* **Task**: Please write out only the lines from the line with "Fenced backyard featuring a patio area" to the line with "Pu&ograve; includere: Un", inclusive, exactly as they stand below, without the pictures.

* **Given records**:
-=-=-
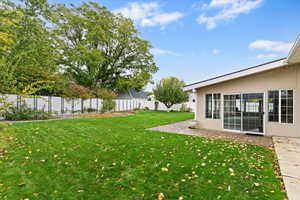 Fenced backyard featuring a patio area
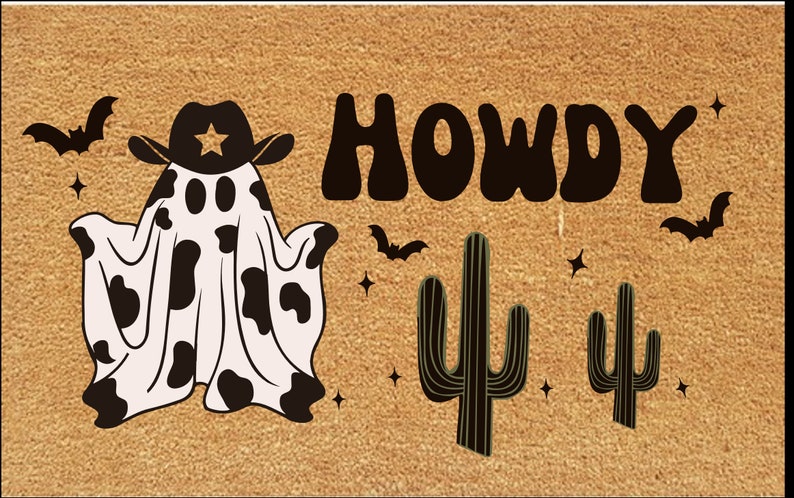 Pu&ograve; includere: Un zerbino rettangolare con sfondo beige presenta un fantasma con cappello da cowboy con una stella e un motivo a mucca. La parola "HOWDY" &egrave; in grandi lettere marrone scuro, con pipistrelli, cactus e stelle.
-=-=-
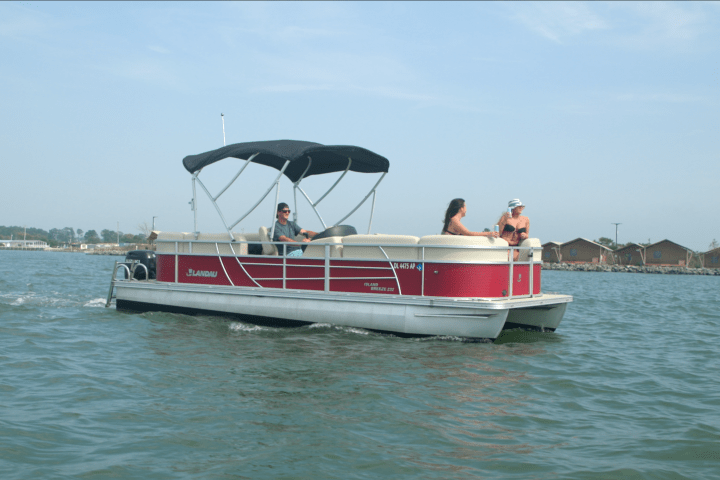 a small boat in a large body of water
-=-=-
* **Response to the exercise**:
 Fenced backyard featuring a patio area
 Pu&ograve; includere: Un zerbino rettangolare con sfondo beige presenta un fantasma con cappello da cowboy con una stella e un motivo a mucca. La parola "HOWDY" &egrave; in grandi lettere marrone scuro, con pipistrelli, cactus e stelle.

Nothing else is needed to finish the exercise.